Cut fences that illegally restrict access to public lands, always pull survey stakes- as George says, and what is it Doc says we're supposed to do with billboards again??


----------



## mattman (Jan 30, 2015)

The 3 B's, Civil Duty of every American.


----------



## doughboy (Mar 23, 2009)

climbdenali said:


> You didn't have any wire cutters with you, I gather? Lots of little 12" sections are harder to repair than a single cut, fyi. The shit we let ranchers get away with in the west. . .If I blockaded my street "so my cattle (er, child) couldn't get out" the cops would come write me a ticket, then a bill for removing such a barrier. Ranchers can shoot your dog (who weighs 40lb to the cow's 1000lb), but god forbid I slow down the guy speeding through my neighborhood at 50mph by chunking a 2x4 out in the road when I hear him coming. . .
> 
> Grazing on public lands, "Fence out" rules, and all notions that the general public should be somehow responsible for free roaming livestock have outlived their usefulness in the modern world, if you ask me.
> 
> Cut fences that illegally restrict access to public lands, always pull survey stakes- as George says, and what is it Doc says we're supposed to do with billboards again??

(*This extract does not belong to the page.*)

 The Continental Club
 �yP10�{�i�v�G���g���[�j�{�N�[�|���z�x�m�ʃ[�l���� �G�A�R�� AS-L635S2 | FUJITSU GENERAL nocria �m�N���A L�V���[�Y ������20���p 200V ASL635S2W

If you had state or federal permit to graze cattle in "your" neighborhood you would prob be fine with fence. Not sure about the 2x4 but if it is "your" neighbor hood it is probably "your" road too. Just sounds like typical douche bag trap set by rancher for good times. Prob only about 10 feet long. Just go around. Rancher prob sitting on hill drinking beer watching you douche bag liberals try to figure it out.


----------



## mattman (Jan 30, 2015)

Well, the local road that you live on, would actually be considered "your" road, in the exact same sense that a public mtn. bike trail is considered your trail. It IS your road, along with belonging to all of your fellow citizens. 
When one of the citizens starts trying to take posesion of public property, solely for them self, 
( like stringing a fence across a public trail) it might piss you off a bit, (especially if it could maim someone) in the same way a landowner would be pissed off with his fellow citizens trespassing on land that only belongs to him.


----------



## yak1 (Jan 28, 2006)

Sure are a lot of western grazing lawyers checking in on this.


----------



## swimteam101 (Jul 1, 2008)

doughboy said:


> If you had state or federal permit to graze cattle in "your" neighborhood you would prob be fine with fence. Not sure about the 2x4 but if it is "your" neighbor hood it is probably "your" road too. Just sounds like typical douche bag trap set by rancher for good times. Prob only about 10 feet long. Just go around. Rancher prob sitting on hill drinking beer watching you douche bag liberals try to figure it out.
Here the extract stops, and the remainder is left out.